Goal of the exercise: Repeat exactly the lines of the material below that run from the "Loretta Caponi Cotton" line to the "Photo 22 of" line, including both, and do not carry over any pictures.

Data shown:
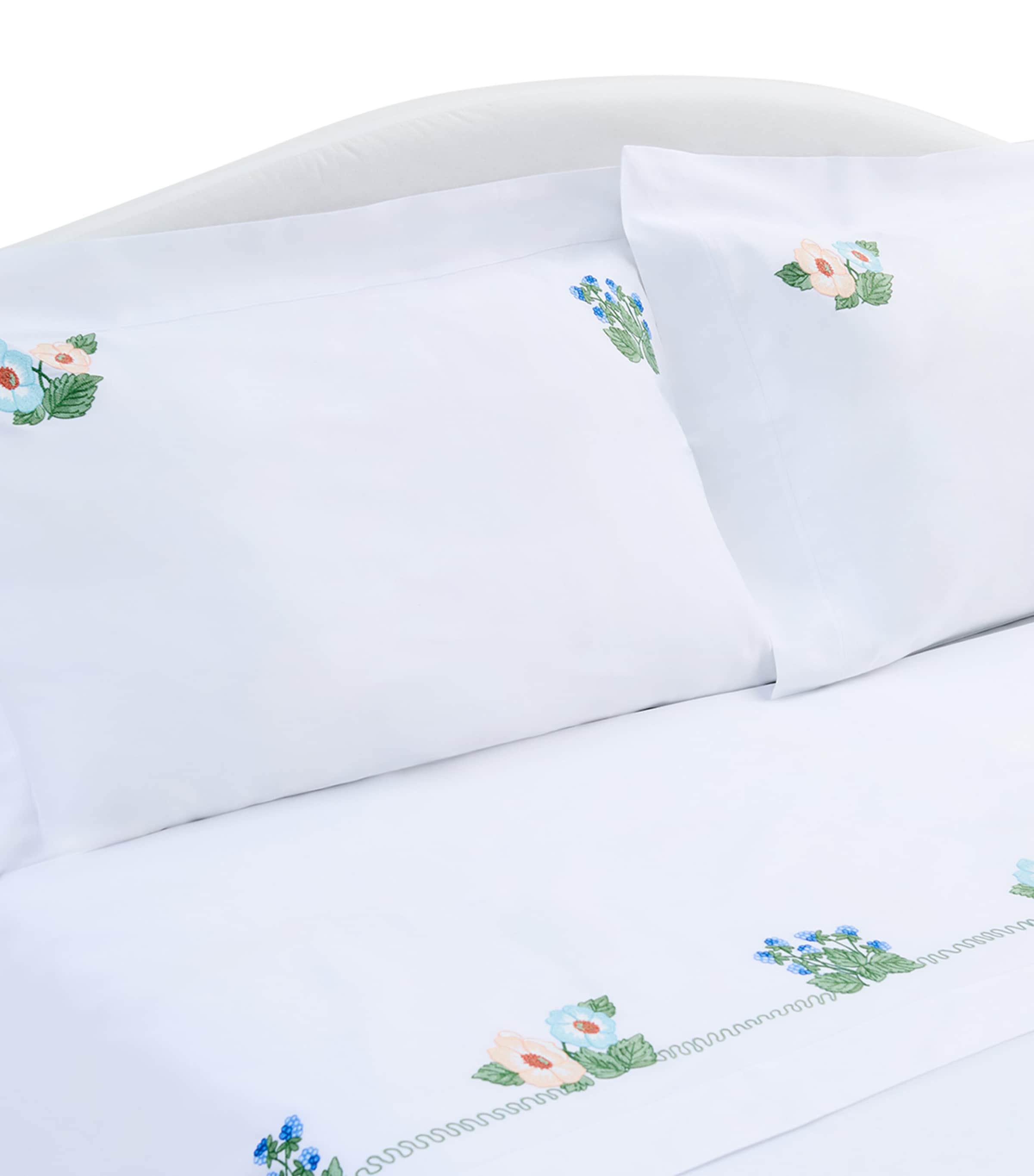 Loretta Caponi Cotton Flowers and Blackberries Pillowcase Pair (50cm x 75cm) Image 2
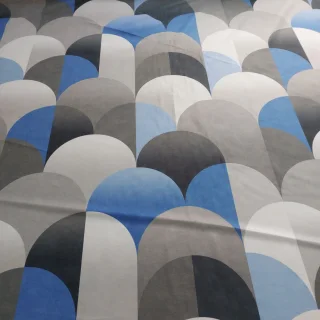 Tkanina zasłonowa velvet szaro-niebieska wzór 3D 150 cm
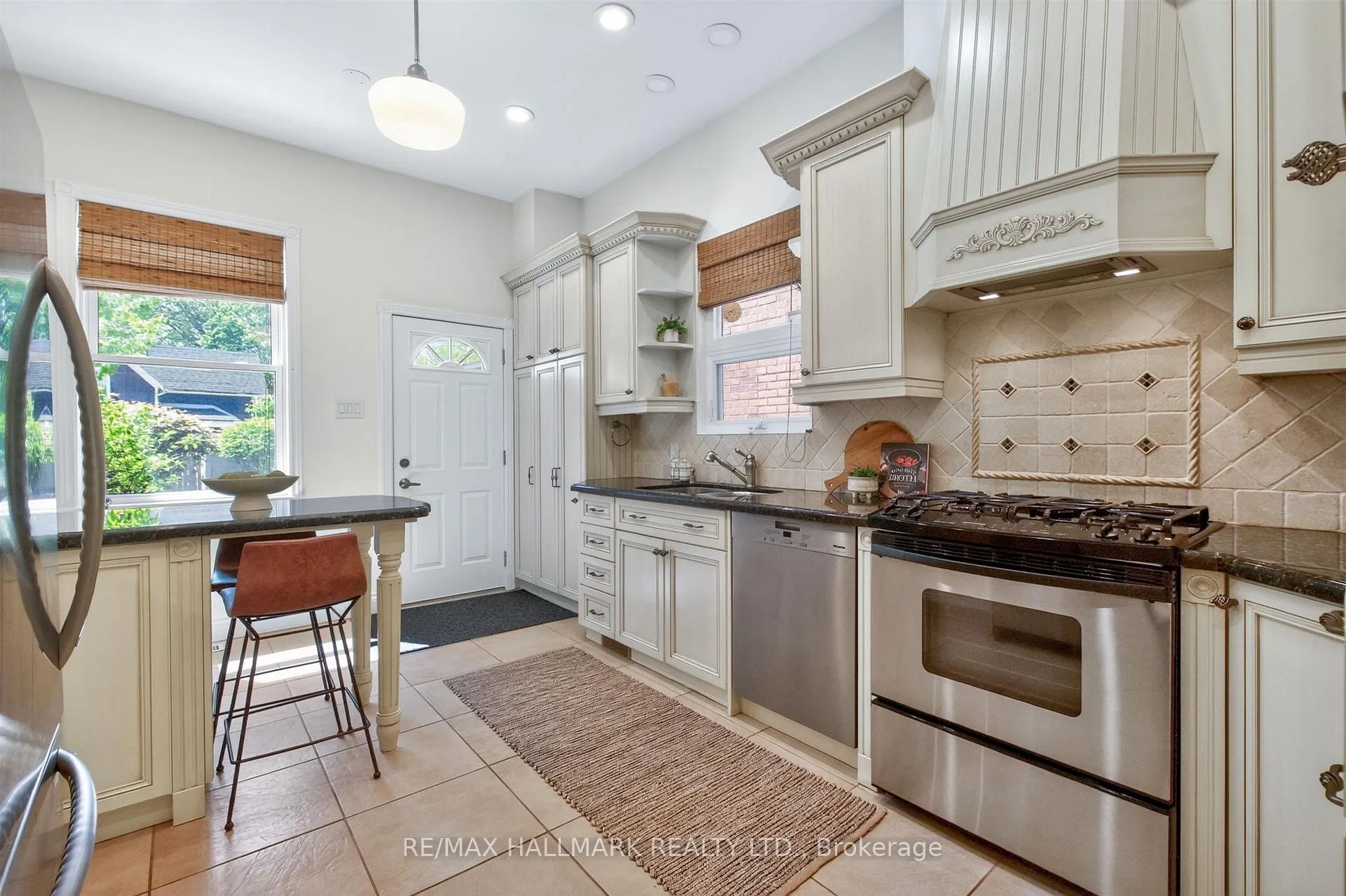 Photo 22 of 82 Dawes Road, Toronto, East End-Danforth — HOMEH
---
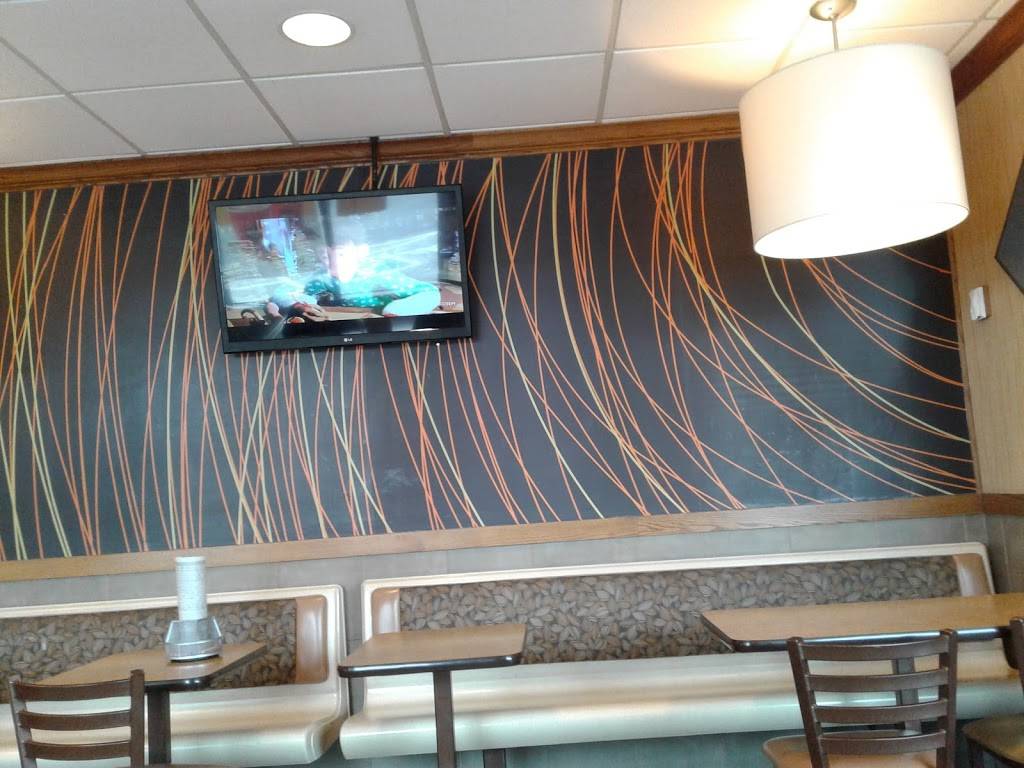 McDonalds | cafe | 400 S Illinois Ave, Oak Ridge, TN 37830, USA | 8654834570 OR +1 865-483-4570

Written solution:
 Loretta Caponi Cotton Flowers and Blackberries Pillowcase Pair (50cm x 75cm) Image 2
 Tkanina zasłonowa velvet szaro-niebieska wzór 3D 150 cm
 Photo 22 of 82 Dawes Road, Toronto, East End-Danforth — HOMEH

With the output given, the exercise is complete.